-- Data for this exercise follows --

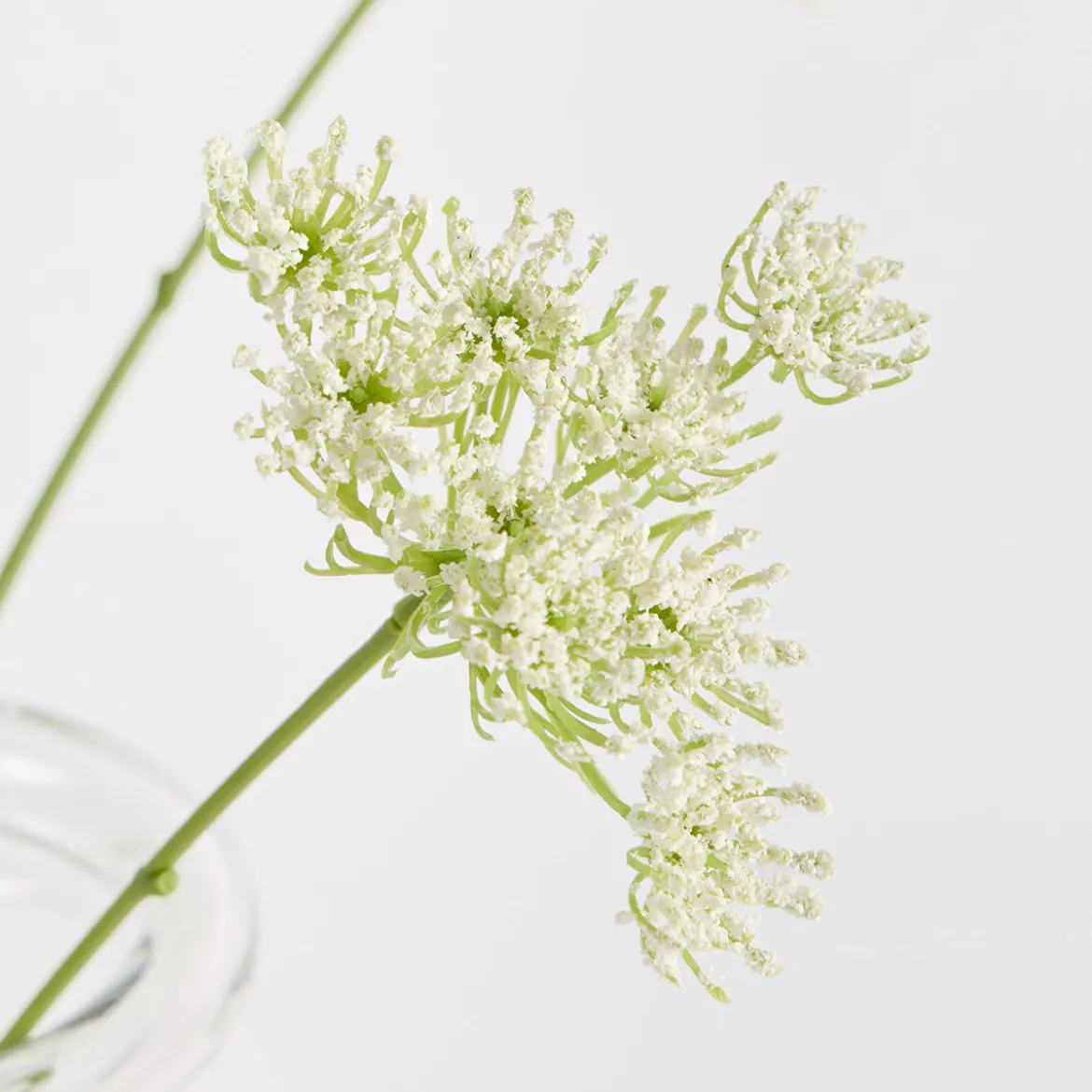 Artificial Queen Anne's Lace Bouquet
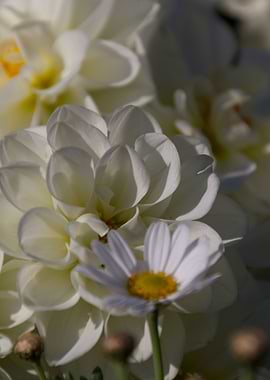 daisies in the garden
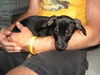 Chessie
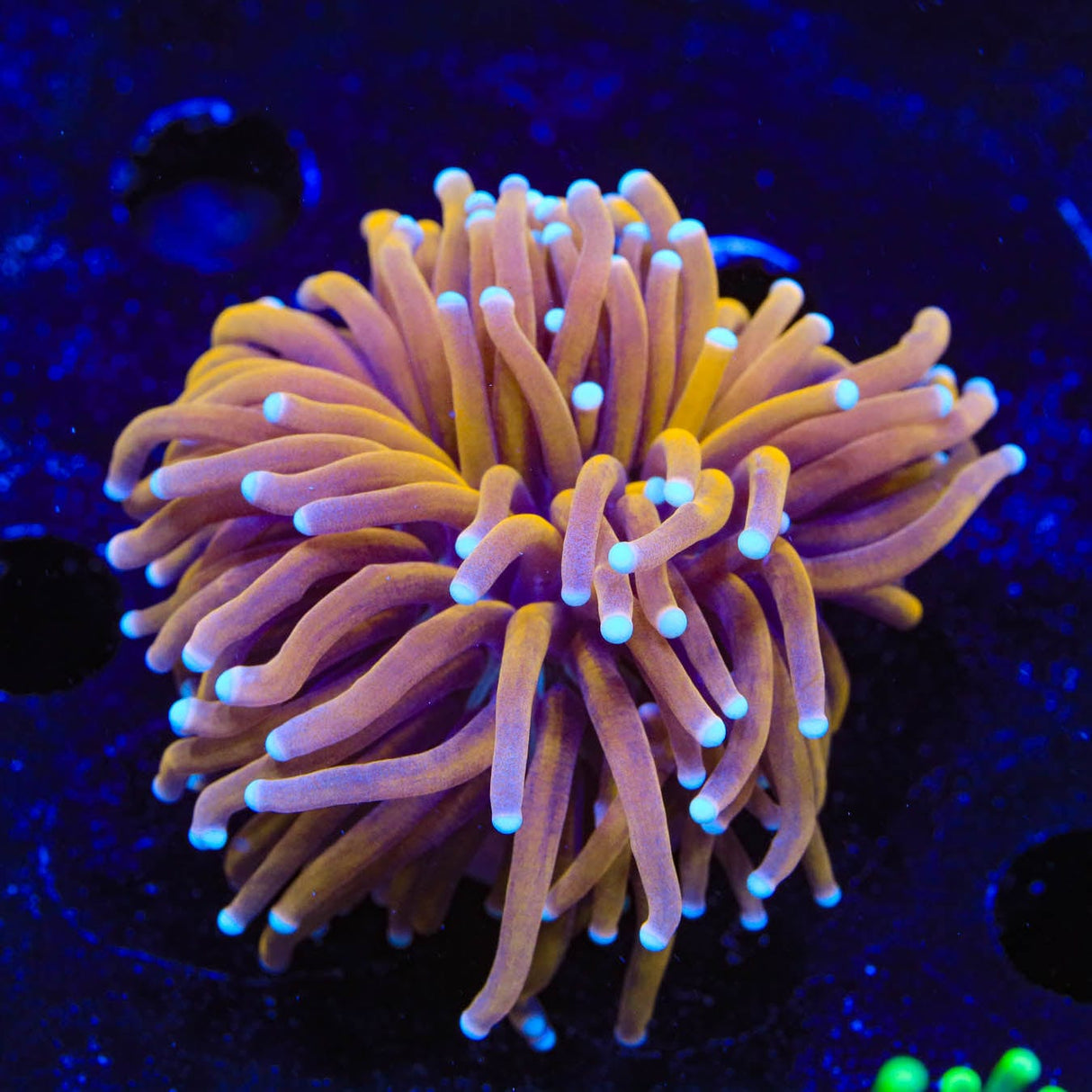 Aussie Gold Torch Coral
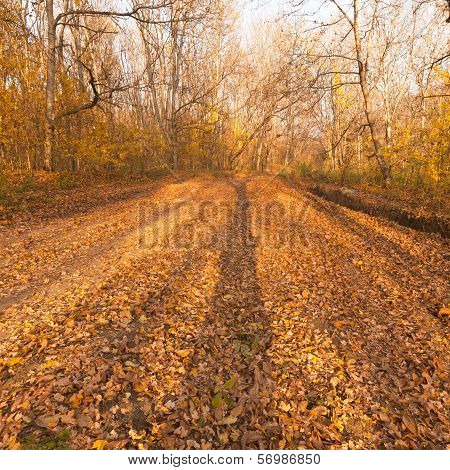 Autumn forest.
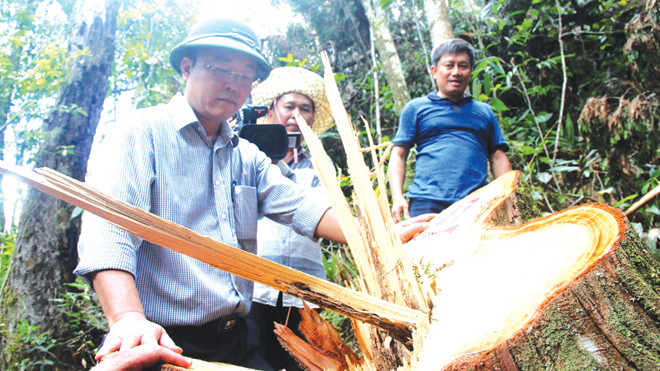 Ông Lê Trí Thanh bàng hoàng trước hiện trường Pơmu bị lâm tặc đốn hạ.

-- Data for this exercise concluded --

Return the listing above verbatim and exclude every picture.

* Exercise output *
 Artificial Queen Anne's Lace Bouquet
 daisies in the garden
 Chessie
 Aussie Gold Torch Coral
 Autumn forest.
 Ông Lê Trí Thanh bàng hoàng trước hiện trường Pơmu bị lâm tặc đốn hạ.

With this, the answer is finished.